巨人軍の名トレーナー「ハギさん」。心も体も柔らかく [野球]




巨人軍の「身体と心を揉みほぐして」27年

名トレーナー「萩原宏久(はぎわら・ひろひさ)」さん

「江川卓から阿部慎之助に至るまで、萩原さんの世話になっている(Number誌)」



穏やかな丸っこい温顔の萩原さんは、選手からもメディアからも親しみを込めて「ハギさん」と呼ばれていた。

「ハギさん」に電話をすれば、いつでもすぐに駆けつけてくれる。たとえ結婚記念日の料理に祝杯を上げているさなかでも。



その夜、ハギさんは清水隆行(当時:巨人軍選手)から電話がかかってきた。故障を抱えていたか、体調に不安があったか…。

「わかった。すぐ行く」

結婚記念日の食事を早々に切り上げたハギさんは、一路、清水選手の元へ駆けつけたという。
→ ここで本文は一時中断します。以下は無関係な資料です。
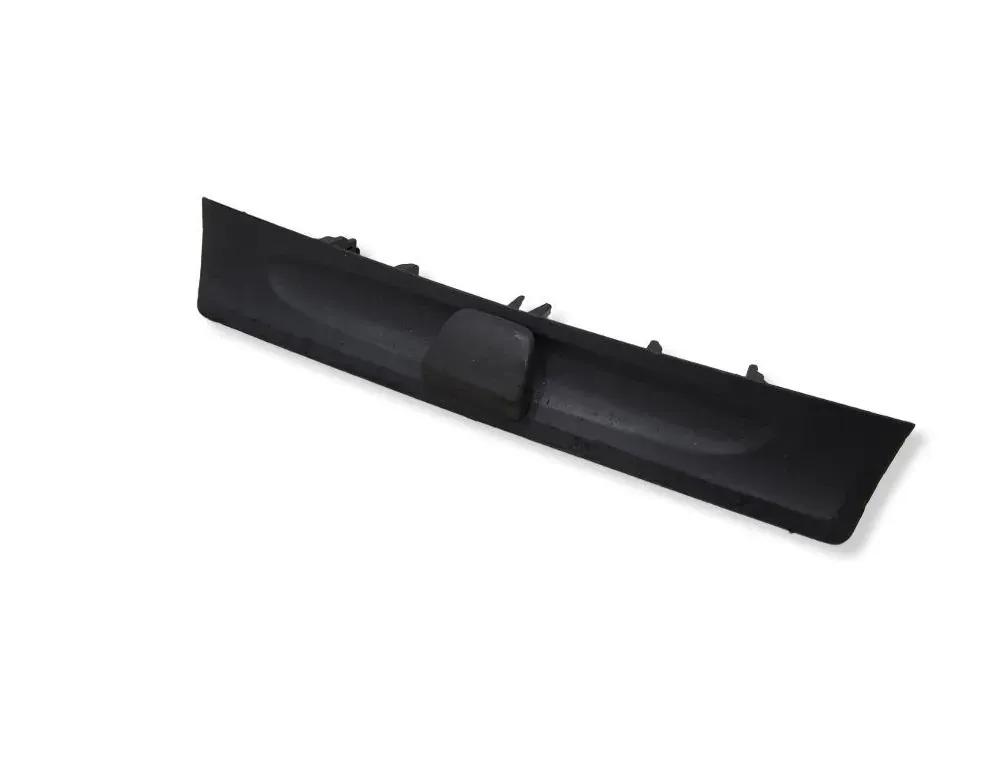 VOLVO S60 1 generation (2000-2009) Другие части внутренней панели 08650366 36266542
「『明日、朝一番で行くよ』と答えたとしても、十分感謝されただろう。だが、萩原さんはその日に駆けつけなければ気が済まない人だった(Number誌)」



1944年、終戦直前の東京に生まれたハギさん

高校時代は、甲子園を目指した熱血球児。名門・日大三高の三塁手として決勝にまでコマを進める。が、決勝で敗れ準優勝。
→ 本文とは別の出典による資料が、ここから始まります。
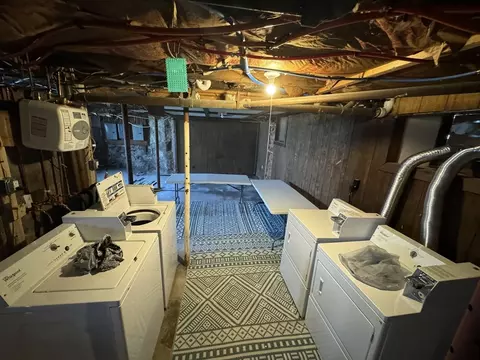Other - 161 Haffards St, Fall River, MA 02723 photo 1 of 2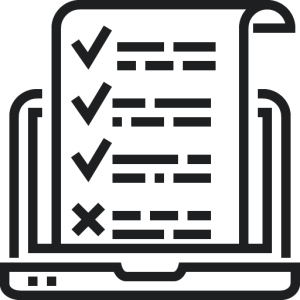 Web Design Agency in Spooner Wisconsin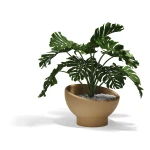 04-Vondom-Luna-Planter-Ramon-Esteve-54857-Camel.jpg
その後、母校・日大三高の監督に就任したハギさん。1971年の春のセンバツで見事、選手時代には果たせなかった「優勝の栄誉」を手にする。



「萩原さんが監督として優勝したのは26歳の時である。20代で『甲子園優勝監督』となれば、高校野球の世界では大きな勲章だ。名将の看板を下げたまま、長く活躍しても不思議ではない(Number誌)」

なのになぜか、ハギさんは優勝後、あっさりと監督を辞めてしまう。そして生涯の生業となる「プロ野球のトレーナー」になったのであった。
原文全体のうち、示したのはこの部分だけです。